Seemingly, the little twat has devil magic in him or something, because sure enough the family have a Horrible Day. Car problems. Oversleeping. Very Bad. Sickness. Typos. Animals. Flames. Babies. Destruction of property. No Good.

But Alexander doesn’t have a bad day. So I guess he has that going for him!

And of course there are other people! Donald Glover, Megan Mullally and Jennifer Coolidge!

Suit
What a smug as fuck look Alexander has, despite wishing he could be his brother.

OH NO THIS MOVIE DOESN’T FOLLOW THE BOOK DIRECTLY WHAT THE FUUCUCUUCCUCCKKKKK.

Just kidding. But on a related note, there was one big huge problem with this movie. Alexander. Not just the actor, who I could ignore for the most part. He was completely average, bland and annoying. Probably an actual 11/12 year old. The more annoying fact is that in this movie, he doens’t have the bad day. Just his family. Does this make the title wrong? No. But he should be having a shitty day too. Instead of having a shitty day, he becomes a weird silent observer throughout the day, every once in awhile giving a shocked face, while the rest of the movie deal with their problems and have zany adventures.

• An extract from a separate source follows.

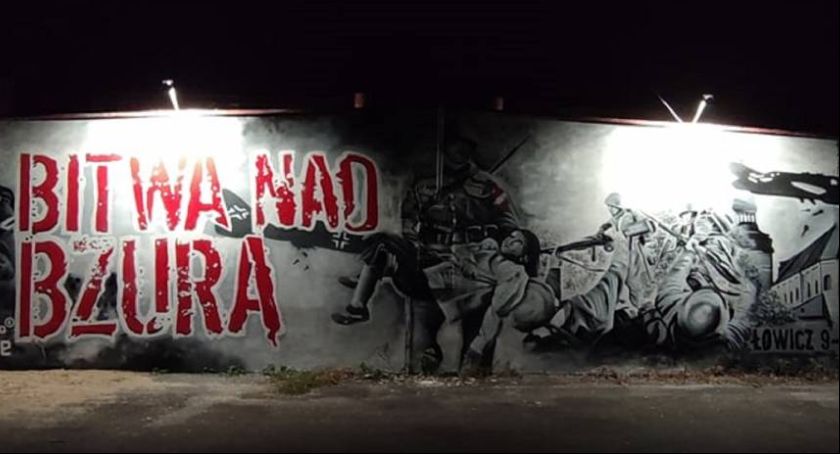 Łowicz. Patriotyczny mural został podświetlony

In this way, it feels like Alexander is the 5th or 6th most important person in a movie about him, allegedly. So the family? They are all pretty good. There are some good amusing parts, good clean fun for the family. Well thought out disasters for them to conquer. And Alex is a smug motherfucker just existing. Unfortunately, it ends with the birthday, which is a good experience for everyone, the bad day basically over. So it also ends with a lame feel good fest and kind of a boring note.

I am just saying. This movie already barely features Alexander. Might as well cut his role out entirely. Makes the title shorter too. Instead, we get to see a movie about rich as fuck people having a bad day. Which I am pretty sure is the plot line for lots of films anyways.

2 out of 4.

The Longest Ride

Sparky spark sparks.

Nicholas Sparks. Famed romance novelist who writes a book and then immediately turns it around to also make a movie. A genius. Basically gets a movie a year!

Even better, these films don’t usually have crazy budget requirements. He really just needs two young fresh faces, maybe middle aged, depends on his story. Just needs some attractive people, a couple of flash backs, and a romance.

So now we have The Longest Ride. And don’t worry, I saw The Best of Me the day before, I just wanted this review to come out first because it was more relevant.

I went in seeing no trailer or a plot description. Just a hope that it was about a rodeo and not a road trip.

Horses
Rodeo confirmed! Excitement technically more than zero!

This isn’t just about the rodeo, this is about Luke Collins (Scott Eastwood), who is one of THE best bull riders out there, from a little old state called North Carolina. Well, Luke had a big fall, he couldn’t conquer the biggest baddest bull Rango [I have found out this bull is a real bull for bullriding competitions and actually was one of the best. I say was, because he passed away before the premiere of this film after 7 years]. Now, a year later, Luke is back in North Carolina and ready for his come back. He had to take quite a bit of time off, but he wants to get into that big championship tournament again, so he needs to get back to riding.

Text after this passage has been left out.